Berlin. Ab 1. Juli ändern sich die Hinzuverdienstgrenzen für Empfänger des neuen Bürgergelds. Was künftig gilt – und wofür es mehr Geld gibt.

  • Das Bürgergeld hat in Deutschland das alte System von Hartz IV abgelöst
  • Anfang des Jahres trat der erste Teil Sozialreform in Kraft
  • Jetzt gibt es eine weitere wichtige Änderung für Empfänger

Anfang des Jahres wurde in Deutschland das sogenannte Bürgergeld eingeführt.

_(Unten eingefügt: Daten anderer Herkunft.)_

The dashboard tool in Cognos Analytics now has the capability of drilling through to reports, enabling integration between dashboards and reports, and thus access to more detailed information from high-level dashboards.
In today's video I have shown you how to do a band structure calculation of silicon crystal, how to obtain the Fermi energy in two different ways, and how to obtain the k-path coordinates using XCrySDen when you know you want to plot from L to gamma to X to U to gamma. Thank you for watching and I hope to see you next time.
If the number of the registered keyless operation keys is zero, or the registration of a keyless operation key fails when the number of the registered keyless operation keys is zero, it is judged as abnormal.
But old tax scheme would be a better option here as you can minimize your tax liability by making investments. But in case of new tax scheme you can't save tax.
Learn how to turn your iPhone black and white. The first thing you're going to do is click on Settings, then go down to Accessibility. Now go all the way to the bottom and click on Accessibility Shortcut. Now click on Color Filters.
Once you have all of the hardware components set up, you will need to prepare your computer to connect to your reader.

Es hat das alte System des Arbeitslosengelds II abgelöst, auch bekannt unter dem Namen Hartz IV. Ziel der Reform war es, Menschen in der Grundsicherung besser zu qualifizieren und dauerhaft in Arbeit zu bringen. „Dieses Bürgergeld sorgt auch dafür, dass wir Deutschland die Chance auf mehr qualifizierte Fachkräfte geben“, sagte ehedem Arbeitsminister Hubertus Heil (SPD).

Doch Anfang Januar trat zunächst nur der erste Teil der Sozialreform in Kraft. Der zweite soll zum 1. Juli folgen. Unter anderem wird es demnächst höhere Freibeträge für Aufstocker geben – also für Erwerbstätige mit geringen Einkommen, die ergänzend Bürgergeld beziehen. Was sich für Betroffene und deren Familien genau ändert:

ALG II: Welche Regelungen zum Bürgergeld gelten bisher?

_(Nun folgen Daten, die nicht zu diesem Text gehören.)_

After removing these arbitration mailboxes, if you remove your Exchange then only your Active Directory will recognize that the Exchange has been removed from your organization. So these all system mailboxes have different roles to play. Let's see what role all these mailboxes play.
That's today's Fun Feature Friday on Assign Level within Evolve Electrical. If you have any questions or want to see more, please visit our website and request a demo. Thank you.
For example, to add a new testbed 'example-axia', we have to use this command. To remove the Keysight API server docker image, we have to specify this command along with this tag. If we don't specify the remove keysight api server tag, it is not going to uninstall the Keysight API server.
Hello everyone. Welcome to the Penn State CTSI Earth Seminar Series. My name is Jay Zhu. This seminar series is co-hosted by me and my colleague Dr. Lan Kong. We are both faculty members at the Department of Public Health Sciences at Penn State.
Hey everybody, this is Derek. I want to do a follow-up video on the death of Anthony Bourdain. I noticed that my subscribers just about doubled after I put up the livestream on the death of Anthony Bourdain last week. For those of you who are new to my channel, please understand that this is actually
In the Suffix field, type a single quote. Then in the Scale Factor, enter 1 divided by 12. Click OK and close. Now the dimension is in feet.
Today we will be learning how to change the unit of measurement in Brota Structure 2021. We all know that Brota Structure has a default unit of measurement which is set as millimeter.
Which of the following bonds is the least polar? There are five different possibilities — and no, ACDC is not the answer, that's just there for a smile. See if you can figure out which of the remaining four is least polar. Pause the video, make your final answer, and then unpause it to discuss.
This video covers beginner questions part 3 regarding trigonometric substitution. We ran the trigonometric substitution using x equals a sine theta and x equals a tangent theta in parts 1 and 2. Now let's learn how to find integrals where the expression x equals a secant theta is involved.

Zum 1. Januar sind die Regelbedarfe gestiegen. Ein alleinstehender Erwachsener in der Grundsicherung etwa erhält seitdem pro Monat 502 Euro, das sind 53 Euro mehr als im alten Hartz-IV-System. Erst nach einer Karenzzeit von zwölf Monaten wird geprüft, ob die Wohnung angemessen ist. Während dieser Zeit bleibt auch ein Vermögen von bis zu 40.000 Euro geschützt. Leben weitere Personen in der Bedarfsgemeinschaft, erhöht sich der Betrag um jeweils 15.000 Euro.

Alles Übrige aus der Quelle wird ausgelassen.